Abstract

本稿の目的は,Luhmannのシステム論の視座から教育システムと道徳との関係を分析することで,道徳教育特有の困難性がいかに形成されるかを考察することにある。 Luhmannのシステム論の視点からすれば,道徳と教育システムの両方との関わりを通して成立しているのが道徳教育である。したがって道徳教育をより全面的に捉えるには,教育システムだけでなく,システムを形成できないとされた道徳も視野に収めた上で,両者の相互関係を検討する必要がある。しかし,道徳教育に関する従来の考察は議論の焦点をもっぱら教育システムの側に絞ってきたため,道徳ないし両者の相互関係にあまり注目してこなかった。そこで,なぜほかでもなく道徳教育が,「道徳とはそもそも何なのか」や「道徳は教えられるか」に代表されるような,方法論の水準を超えた根源的な定義づけや成立可能性を問い直そうとする疑問や批判にさらされてきたかが十分に答えられないままにとどまっている。
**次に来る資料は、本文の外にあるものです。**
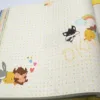 AdaWall Ada Kids 8939-1 Duvar Kağıdı Beyaz Puantiyeli Çizgi Karakterli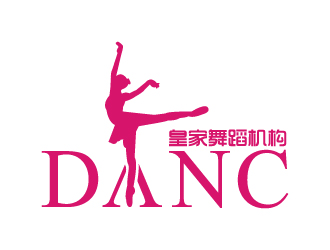 葉美寶的舞藝·Dance皇家舞蹈機(jī)構(gòu)logo設(shè)計(jì)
本稿では,Luhmannの教育システム論と道徳論を手がかりに,こうした道徳教育特有の困難性が形成されるに至るその理路の析出を試みる。 Luhmannのシステム論に依拠して分析した結果,道徳教育の知識編成と習得過程のどちらにおいても,教育システム固有の作動様式の恣意性を観察可能にするような道徳・教育間の拮抗関係が解消され難く随伴しているという,道徳教育の特殊な構造が浮かび上がった。このことによって,道徳教育特有の困難性だけでなく,その存立機制そのものをもより全面的に把握するための一つの有効な視座が提供された。最後に,本稿で得られた知見を踏まえて今後の道徳教育論の方向性を指摘し,残された課題を示した。